Task requirements — Below this line is a listing that includes pictures. Copy exactly, and only, the lines from the one containing "Kaeng krachen tarantula #tarantula" through the one containing "まさみ様　専用ページです。"; the pictures do not go in the copy.

Supplied information —
Content starts

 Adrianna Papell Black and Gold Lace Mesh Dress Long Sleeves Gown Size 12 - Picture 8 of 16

Content ends
Content starts

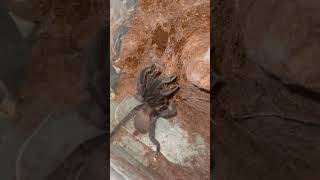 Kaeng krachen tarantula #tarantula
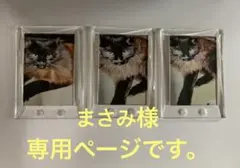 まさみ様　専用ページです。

Content ends
Content starts

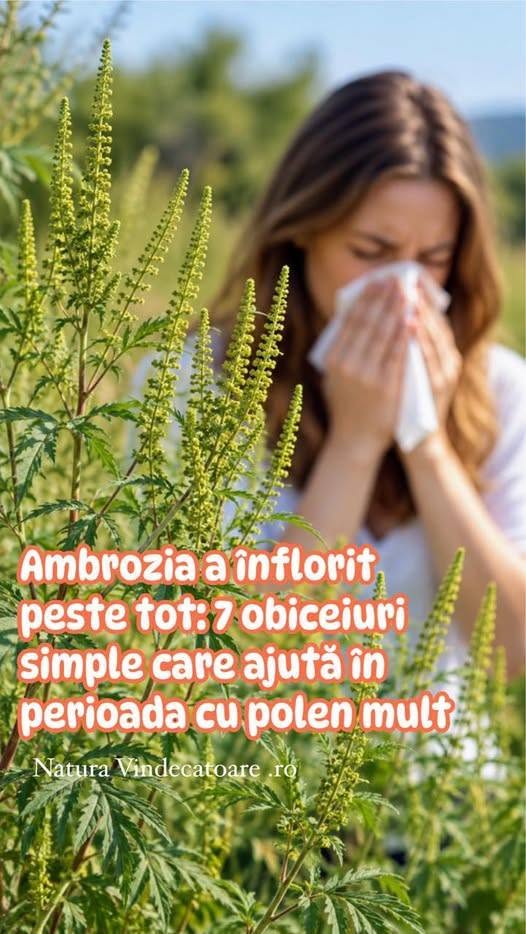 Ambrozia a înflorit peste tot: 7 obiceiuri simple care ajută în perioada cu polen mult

Content ends

Answer to the problem —
 Kaeng krachen tarantula #tarantula
 まさみ様　専用ページです。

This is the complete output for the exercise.